====== EXCERPTED DATA ======
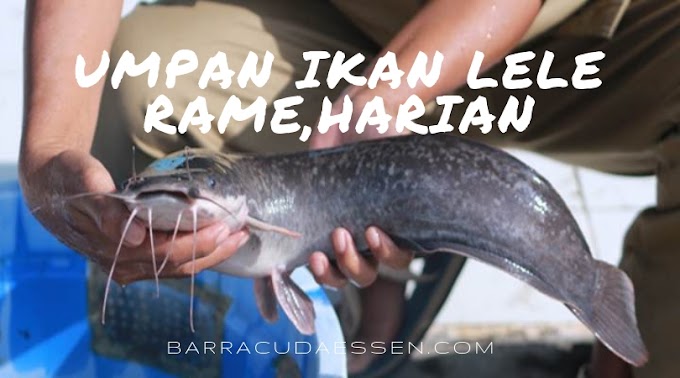 Umpan Mancing Ikan Lele Galak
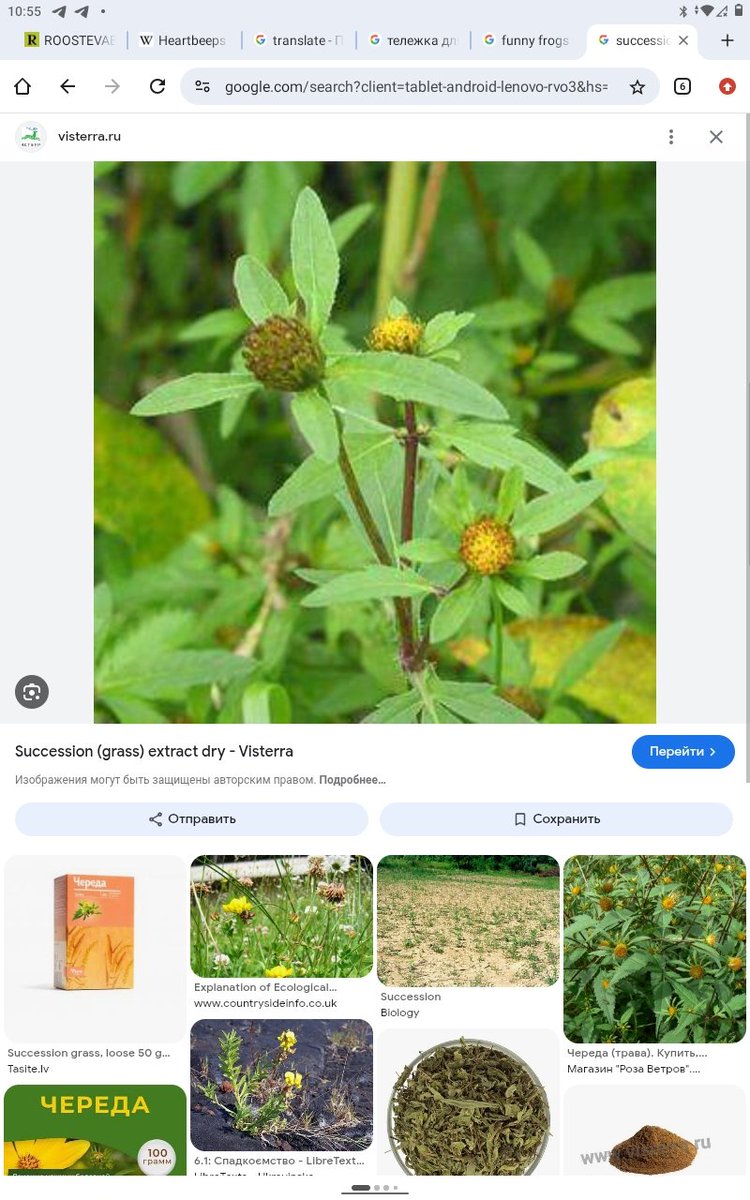 Wild Thing 🐾🎶❤️‍🔥🎶🐾 tweet media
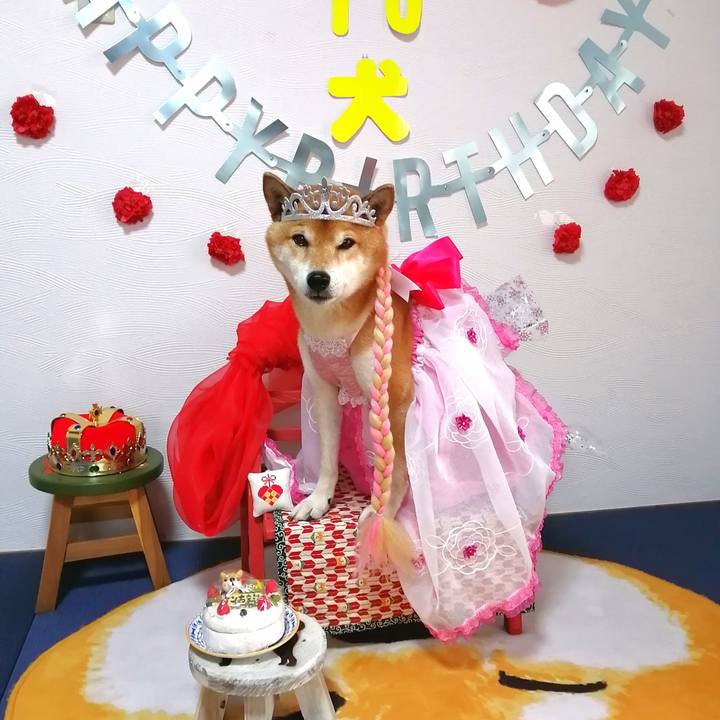 E4b4533f 3509 47d3 8b4b 6cea6e16e991 1670553068546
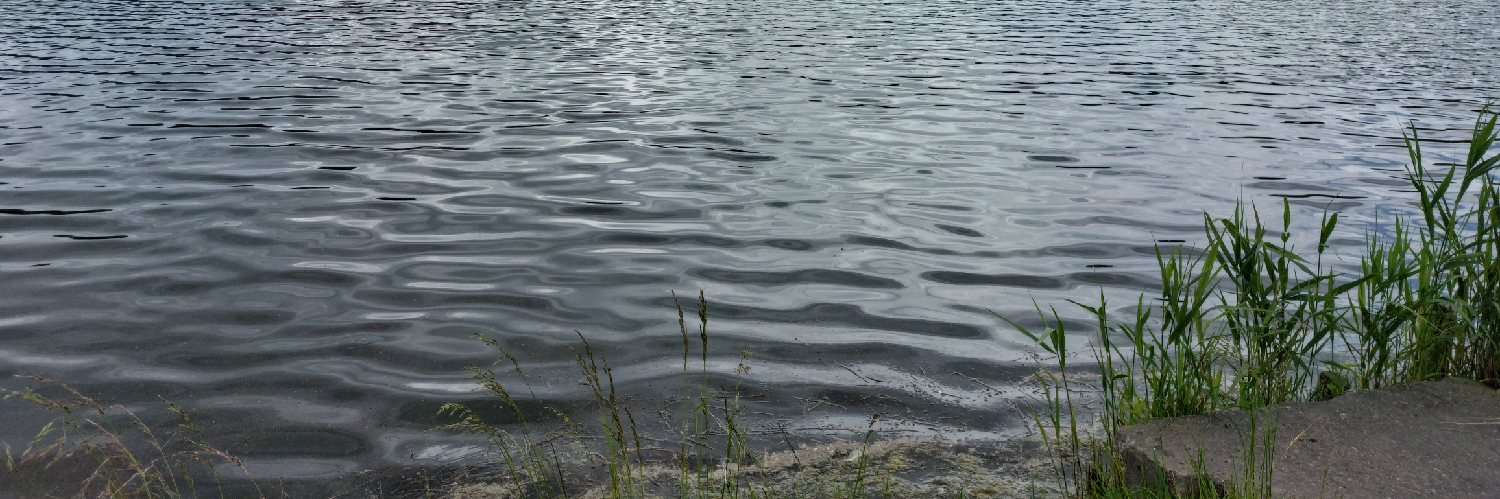 @speaktrap@mastodon.com.pl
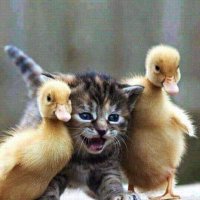 demirci (@taratu24_ali) 's Twitter Profile Photo demirci (@taratu24_ali) 's Twitter Profile Photo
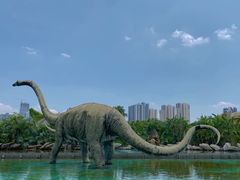 -厦门方特梦幻王国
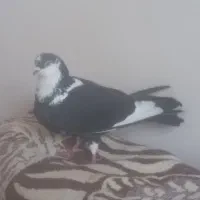 کبوتر شکارشده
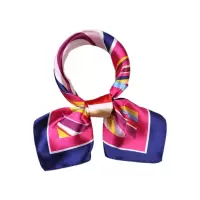 吾卫世 方巾 WS1 条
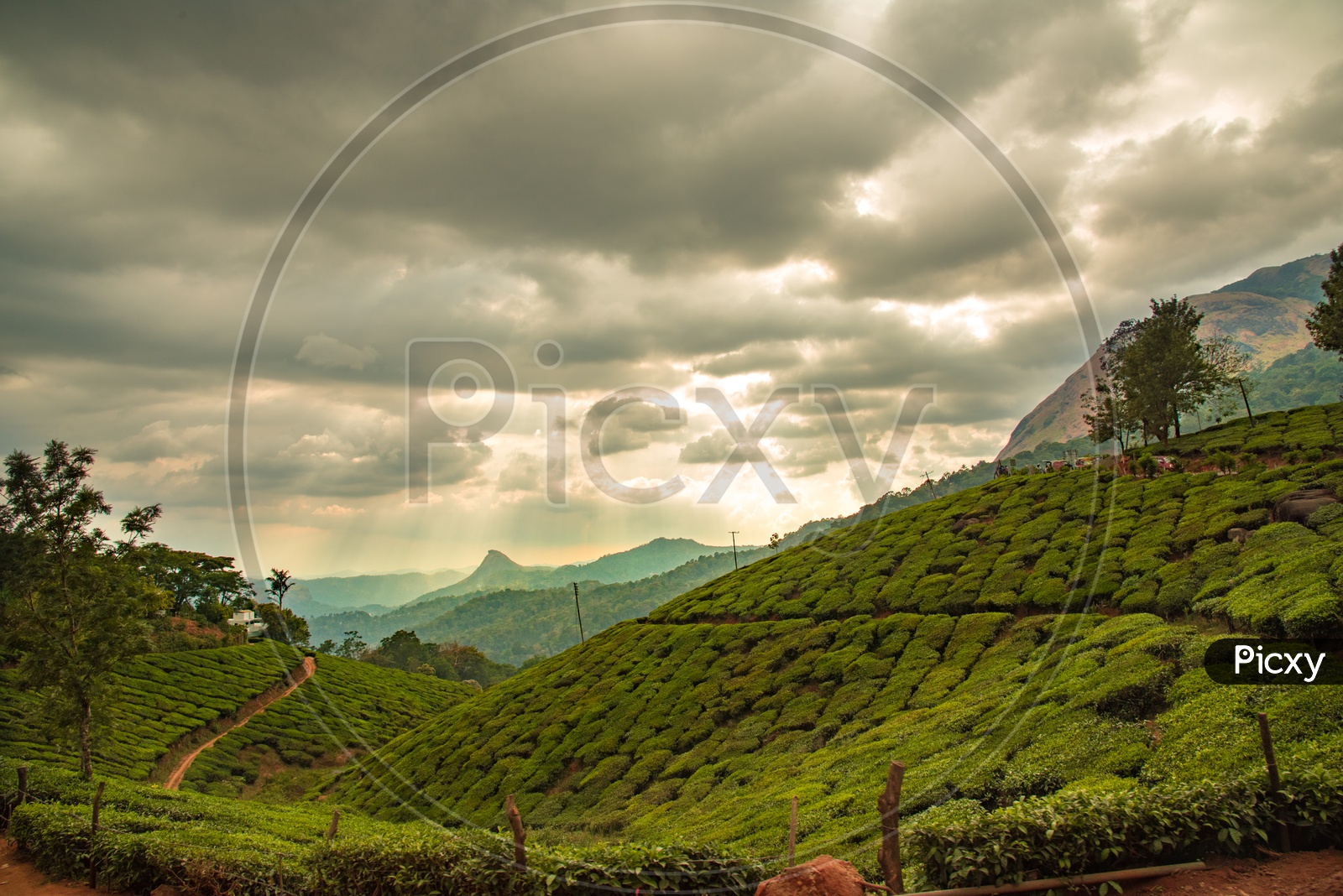 Munnar Hills, Tea Plantations,Kerala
======
▸ PROBLEM REQUIREMENTS
The records above are to be restated word for word, excluding all pictures.

▸ SOLUTION TO THIS TASK
 Umpan Mancing Ikan Lele Galak
 Wild Thing 🐾🎶❤️‍🔥🎶🐾 tweet media
 E4b4533f 3509 47d3 8b4b 6cea6e16e991 1670553068546
 @speaktrap@mastodon.com.pl
 demirci (@taratu24_ali) 's Twitter Profile Photo demirci (@taratu24_ali) 's Twitter Profile Photo
 -厦门方特梦幻王国
 کبوتر شکارشده
 吾卫世 方巾 WS1 条
 Munnar Hills, Tea Plantations,Kerala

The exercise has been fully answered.